To detect a signal of interest, an analog RF front end that can cover the signal’s frequency range is required. RF front ends come with specifications about their tuning frequency range and their instantaneous bandwidth. Generally, a signal can be detected if its frequency is between the tuned frequency plus-or-minus half the bandwidth of the RF front end.

To decode a signal, the RF front end bandwidth specification must be higher than the signal protocol bandwidth. For example, LTE supports a 20 MHz bandwidth. Even when low bandwidth signals are monitored (like a 200 kHz GSM channel), a higher bandwidth RF front end is still useful; it could monitor several channels at the same time, as well as the uplink and the downlink stream. If an RF front end’s bandwidth is not high enough to monitor another signal at a different frequency, it must to be re-tuned, thus preventing continuous channel monitoring.

The amount of data generated by a signal is directly proportional to its bandwidth. For example, a signal with a 20 MHz bandwidth produces 20 million samples each second for both the in-phase component (I) and the quadrature component (Q). Even cutting-edge multi-core processors, working in the Gigahertz range, cannot keep up with this amount of data, as signal processing algorithms require several multiplications and additions for each sample received.
One approach to dealing with high throughput is to record the data on a high-speed memory device and then post-process the data when the recording is over. This approach is not well suited for continuously monitoring signals, however, as it creates latency between the signal’s reception and availability.

Another approach is to use the processing power of a field-programmable gate array (FPGA), an integrated circuit designed for heavily parallel processing algorithms.
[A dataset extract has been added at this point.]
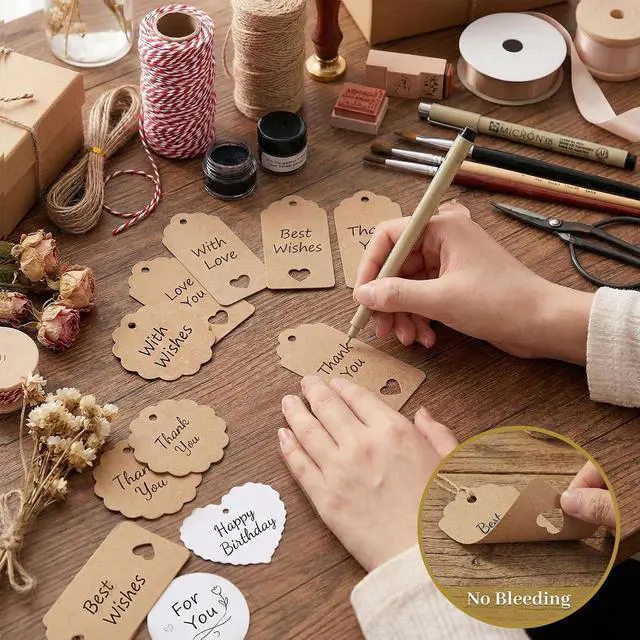 Alt view image 4 of 7 - SallyFashion Assorted Gift Tags with String, 200 Pack 3 Designs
An FPGA has the benefits of an application-specific integrated circuit (ASIC) and the reconfigurability of a digital signal processor (DSP). Since all samples can be processed in parallel, the FPGA can run algorithms on several hundred million samples per second. They can decode the entire received signal or just perform some pre-processing treatments in order to catch significant events, thus considerably scaling down the amount of data sent to the computer.

FPGA are programmed using a hardware description language (VHDL or Verilog). The learning curve can be discouraging for new users who want to take advantage of an FPGA’s processing power. A model-based development environment can greatly speed up the time required to develop a real-time algorithm.

A model-based design kit

The Nutaq Model-Based Design Kit (MBDK) is an easy way to quickly implement a real-time SIGINT algorithm. In this example, a wideband receiver is connected to a Perseus board with an ADAC250.
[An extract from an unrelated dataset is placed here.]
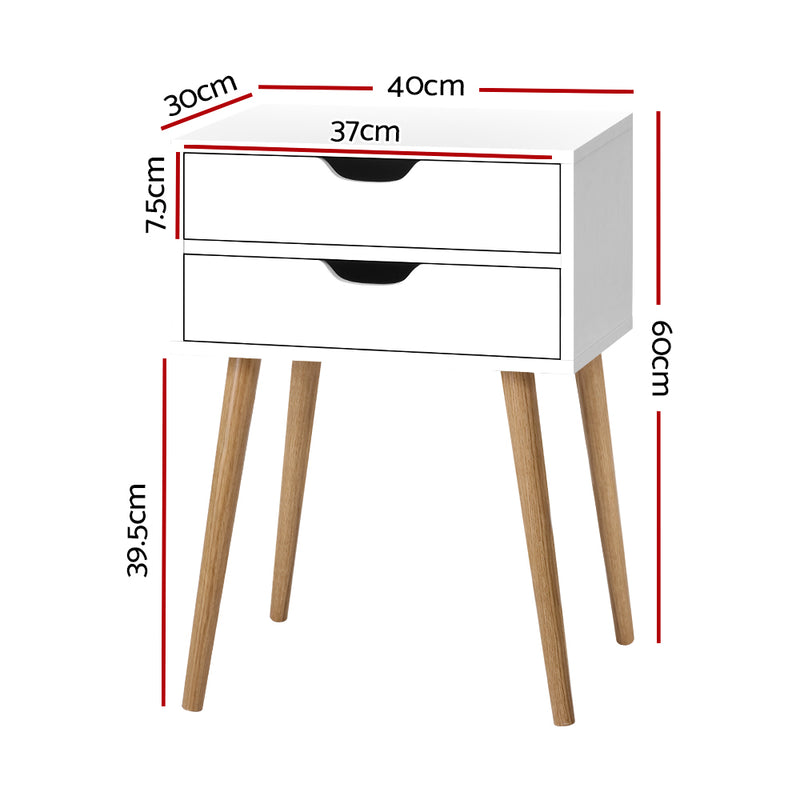 2 Drawer - Bedside Table - White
Wideband Receiver 8000 with PicoDigitizer ADAC250

The wideband receiver can be tuned from 100 kHz to 20 GHz and has a 100 MHz bandwidth. It outputs the baseband complex signal on its I and Q analog outputs. The PicoDigitizer can then sample these signals with its two 250 MHz analog-to-digital converters (ADC).
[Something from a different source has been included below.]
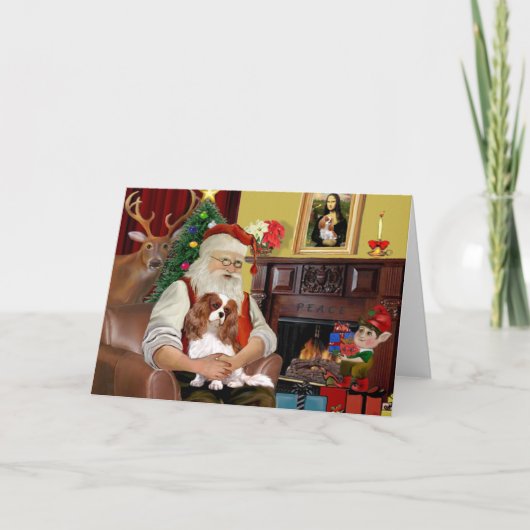 Kerstman's Blenheim Cavalier Feestdagen Kaart (Voorkant)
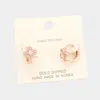 Fashnzfab Gold Dipped Cubic Zirconia Quatrefoil Huggie Earrings - Clear, Rose Gold In Multi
In the Nutaq MBDK environment (using the Xilinx System Generator), FPGA applications can be designed without worrying about hardware interfaces. ADC signals are directly accessible (RX section) and Xilinx signal processing blocks (filters, FFT, multiplication, down sampler, etc) can be used. Real-time data exchange (RTDEx) with a remote computer is already implemented for communication interfaces like Gigabit Ethernet and PCI express, both on the FPGA side as well as on the computer side.

Perseus 601x Channelizer FPGA

In this example application, an RF channelizer splits the wideband signal in multiple channels. The averaged power of each channel is continuously sent to the computer and the computer can monitor specific low bandwidth channels. This configuration shows how an FPGA can enable real-time monitoring of the entire available bandwidth while only sending useful data streams or information to the computer.

The Nutaq MBDK lets users who are unfamiliar with FPGA development benefit from their real-time processing capabilities. A few decades ago, this amount of data could not be processed in real-time but with today digital processing technologies, continuous RF sensing on wideband signals is now possible.